A CIDH conclui que a existência física e cultural dos povos indígenas e afrodescendentes está em risco. A violência exercida pelos colonos armados resultaram na desapropriação e deslocamento das suas terras ancestrais e territórios, o que ameaça sua sobrevivência cultural e coletiva. Esses territórios não somente constituem seu espaço de vida, mas também são a base essencial para o desenvolvimento dos seus conhecimentos, formas de vida, tradições e espiritualidade, assim como para a continuidade da sua cosmovisão. Nesse sentido, a desapropriação territorial e o deslocamento forçado violam o direito à identidade cultural e à propriedade coletiva desses povos.
No relatório, a Comissão reafirma que os povos indígenas e afrodescendentes representam a diversidade cultural da Nicarágua. Sua proteção frente a processos de colonização, extermíno cultural ou assimilação forçada constitui uma obrigação jurídica vinculante derivada de tratados e declarações internacionais dos quais a Nicarágua é Estado parte. Entre eles, a Convenção 169 da OIT, a Declaração Americana e a Declaração das Nações Unidas sobre os Direitos dos Povos Indígenas.
O Estado da Nicarágua deve garantir o direito desses povos de viver livremente em seus territórios, conforme suas próprias cosmovisões, formas de organização e cultura, como condição indispensável para sua sobrevivência como sujeitos coletivos de direito. Deve também permitir o retorno aos seus territórios tradicionais em segurança e com dignidade, o que, no caso dos deslocamentos forçados provocados por contextos de violência, inclui o dever de tomar medidas para combater a impunidade dos responsáveis por tal violência.
Finalmente, com base nas conclusões do relatório, a CIDH realiza uma série de recomendações voltadas ao Estado. Faz também um chamado à comunidade internacional para contribuir para o fim da repressão na Nicarágua. Em especial, as instituições financeiras internacionais para que, antes da concessão de crédito e de outros mecanismos de financiamento para o desenvolvimento, requeiram a adoção de medidas para o restabelecimento do Estado de direito.

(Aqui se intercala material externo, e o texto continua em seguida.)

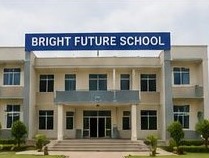 Bright Future School building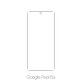 FixPremium Glass - Gehärtetes Glas für Google Pixel 6a
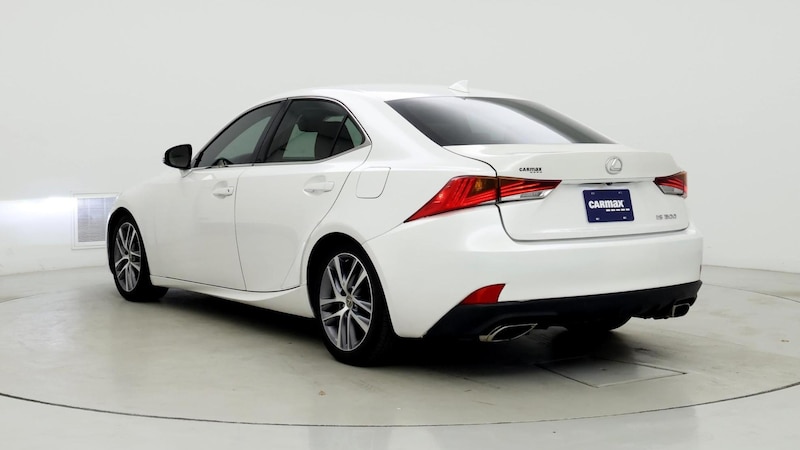 2019 Lexus IS 300 2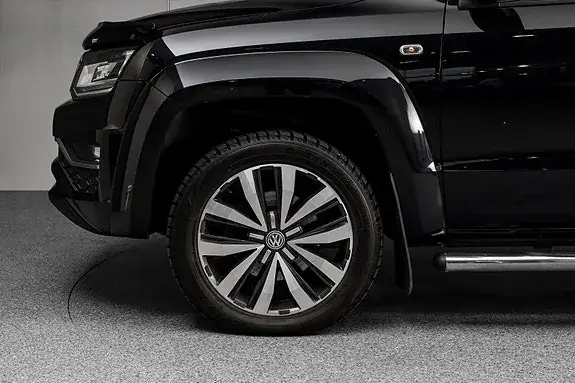 Volkswagen Amarok 2019 photo 5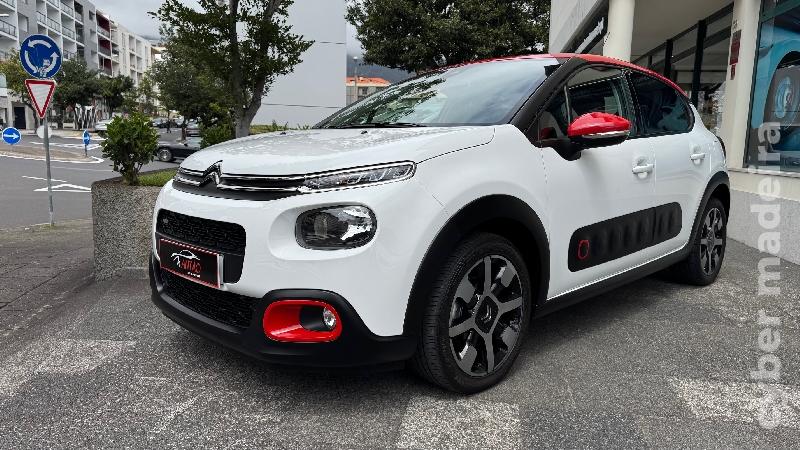 CITROEN C3 1.2 PURETECH SHINE GASOLINA Gasolina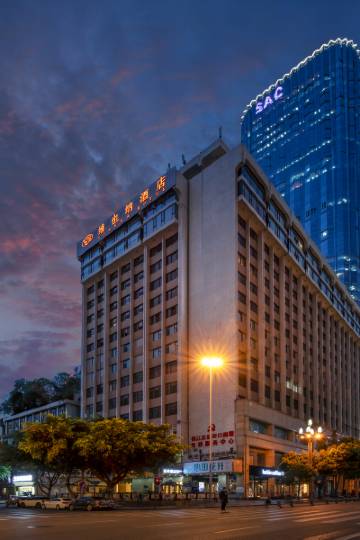 维也纳酒店(太古里春熙路步行街店)图片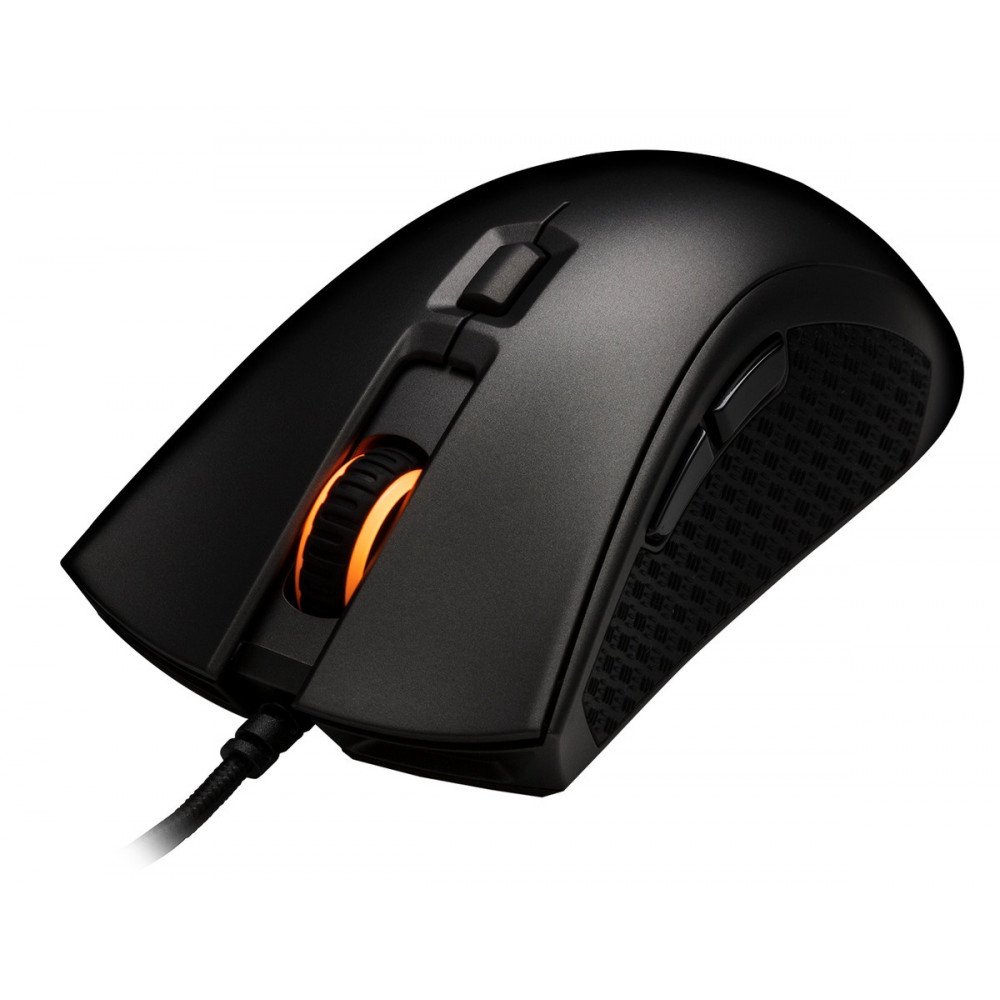 Мышь Kingston HyperX Pulsefire FPS Pro HX-MC003B черная купить,0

Do mesmo modo, exorta os Estados de origem das empresas pecuárias, de monocultura, madeireiras e mineradoras a adotar medidas para a supervisão e regulação das atividades das suas companhias nacionais no exterior, em conformidade com os parâmetros internacionais na matéria.
A CIDH é um órgão principal e autônomo da Organização dos Estados Americanos (OEA), cujo mandato deriva da Carta da OEA e da Convenção Americana de Direitos Humanos. A Comissão Interamericana está mandatada para promover a observância dos direitos humanos na região e atuar como órgão consultivo da OEA sobre o assunto. A CIDH é composta por sete membros independentes, eleitos pela Assembleia Geral da OEA em caráter pessoal, e não representam seus países de origem ou residência.